During the discussion, Mr McCormick expressed surprise at a suggestion that the senior DUP adviser Timothy Johnston had been the instigator of the delay in adding cost controls to the scheme the previous year, although he later said Mr Johnston had been involved.
On Friday, he told the inquiry he never had any knowledge of a personal role in the RHI in summer 2015 by Mr Johnston.
He told the inquiry his level of anxiety and fear went up several notches when he learned of the tape.
Mr McCormick said he had been told that "visibility and prominence" were not to be sought by civil servants, and he felt news of secret recordings would put him in the spotlight in "the most embarrassing way".
Mr Bell has told the inquiry he made the recordings because he wanted to have a "valid record of what my concerns were".
He said he regarded Mr McCormick as a "person of integrity", but that as in late 2016, he was no longer enterprise minister he wanted to have his own account of events, as he could not access information as easily from the enterprise department by that stage.
'Shoulder to cry on'
Meanwhile, DUP MP Ian Paisley has described Mr Bell as "Walter Mitty in the flesh" over his version of events around the RHI scandal.
A written statement by Mr Paisley to the public inquiry has been published.
In March, the MP for North Antrim was accused of being involved in an "intimidating" lobbying phone call on behalf of an RHI applicant.
He told the Commons the inquiry chair Sir Patrick Coghlin had been "putting words in the mouth" of a witness.
His written statement said Mr Bell came to his home in December 2016, before appearing on BBC's Nolan Show where he gave an explosive interview claiming DUP advisers had stopped him from closing the flawed scheme.
Mr Paisley said Mr Bell did not tell him he was going to go on the Nolan Show.
He also said it appeared the former minister wanted a "shoulder to cry on" over the scandal.
"Frankly, I listened out of interest and, at times, amusement as he outpoured his incredible view of his place in government," he added.
"I was aware I had just met Walter Mitty in the flesh and I believe Jonathan Bell believed he had just met someone who would support his assertions.

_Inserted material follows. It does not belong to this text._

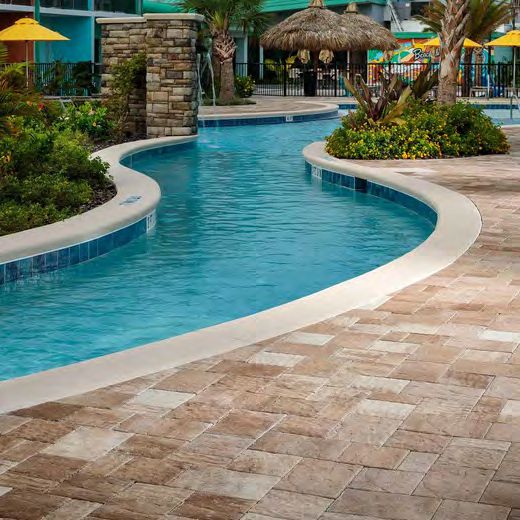 Courtyard paver design with multiple stone textures and colors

Only one of us was correct."
On Friday, the inquiry chair Sir Patrick Coghlin set out the timescale for what happens next at the inquiry.
Sir Patrick said in light of evidence, it was necessary to adjust the timescales.
He said more time will be allowed to allow witnesses to submit written statements.
The additional hearings will be held on 12, 13, and 14 December as necessary, he added.
'Objective and accurate'
The inquiry was due to return for a couple of days in December to hear closing statements from some of the core participants - that will be extended to a third day.
Sir Patrick said the inquiry had prided itself on being "dynamic and flexible" and described the extension as a "modest adjustment".
Last month, Sir Patrick had warned the media not to "sensationalise" some of the evidence that had been heard.
However. on Friday, he said he accepted the media coverage had been "clear, objective and accurate".
He was grateful for that and need not have issued a "degree of caution", he added.